第10話 ハッピーエンド
ボス前の回復スポットの上に乗ったロフさんの隣にそっと寄り添ってみた。
「ロフさん」
「なんだよ。結局あんたは顔が良ければ誰でもいいんだろ。せっかく俺はずっと一緒にいてくれる奴が見つかったと思ったのに」
「私が魔王を倒さなければそうなると思ってくれたんですよね。でも私は限りある命で全力で貴方を愛します。だから・・・」
「だったら、永遠の命で俺が死ぬまで愛してくれたらいい。魔王討伐はそれからでいいだろ」
「その前に世界が終わっちゃいますよ・・・」
「他の奴が幸せな世界で一瞬幸せになった所で何の意味がある」
「一瞬幸せになれますよ!」
「嫌だ・・・死ぬまで若く美しい姿で俺を愛してくれなきゃ嫌だ!」
「それって何年くらい?」
「3、4000年ちょっと」
「長ぇなぁ・・・」
「おやおや・・・そんなに悠長に話し込んでいていいんですか?」
艶のある低い声がして、魔王謁見の間の大きな扉が開かれた。
「うるさい!黙っていろ!」
が、ロフさんが杖をかざすとバン!と閉められてしまった。
「あんたに魔王は倒させない!」
扉の前に立ったロフさんを中心に茨が城を覆う。
「そんな、ここまで来て・・・」
「1人くらい死ぬと思ったんだよ!本当に人間はしぶとくて嫌になる!」
「アーサー、どうにかして勇者の不老不死を保ったまま魔王を倒す方法はないのかい?」
「あれ?私差し出される前提でお話されてます?セリアさん?」
「しょうがないだろ。

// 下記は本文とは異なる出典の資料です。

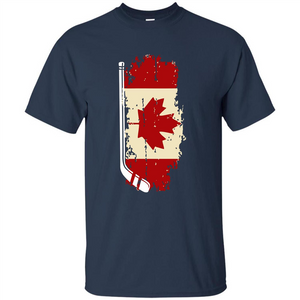 Canada Hockey Funny T-Shirt Canada Hockey Flag T-shirt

エルフなんかたぶらかすからこうなるんだ。責任取りなよ」
「責任・・・」
「無理だな。だいたい、魔王と聖剣は元は同じものだ。魔王が生まれるから聖剣が生まれる。それも嫌で私は聖剣を抜かなかったのだが」
「じゃあロフさんが新しい魔王になれば私と聖剣でずっと繋がれてハッピーってことでさっさと魔王倒しましょうよロフさん」
「それは無理だよ勇者。なぜなら次の魔王は君だから」
「えっ?」
「魔王は永遠の命を終わらせてもらうために勇者を聖剣で呼びよせるんだ。つまりロフ、彼女は魔王を倒しても元の普通の人間には戻らない。安心してこの扉の向こうに進もう」
「そんな話聞いたことないぞ」
「勇者候補にしか聞かされない秘密の話だからね」
「・・・」
茨は取り除かれ私達は魔王を前衛3人後衛1人の圧倒的パワーで蹂躙し、私は勇者の剣を魔王に突き立てた時、元の世界で某エルフショタゲーのコントローラーを握っていた。

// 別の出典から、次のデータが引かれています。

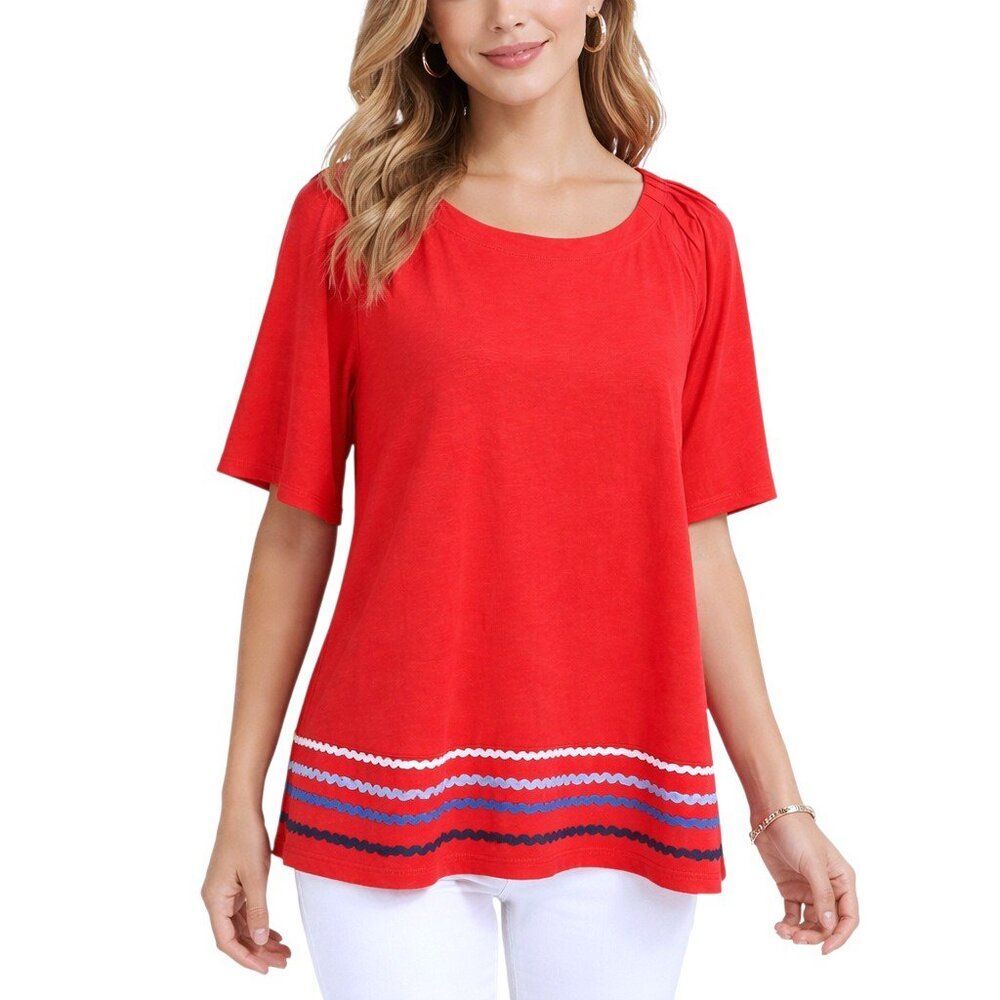 Talbot's Red Tunic Tee Size Medium Short Sleeve NWOT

「戻ってこれた・・・?役割が終わったからか。いや、それとも夢?」
アーサーさんはあの土壇場で私のために嘘をついてくれたらしい。いや、変な妄想に脳を使ったせいで頭が重い。寝よう。
「やっと思い出したか魔王。大丈夫だ、また忘れてしまっても、俺とあんたは運命の剣でずっと繋がっているからな」
そんな語尾にハートつけた甘い声が聞こえた気がするけど、きっと気のせいだ。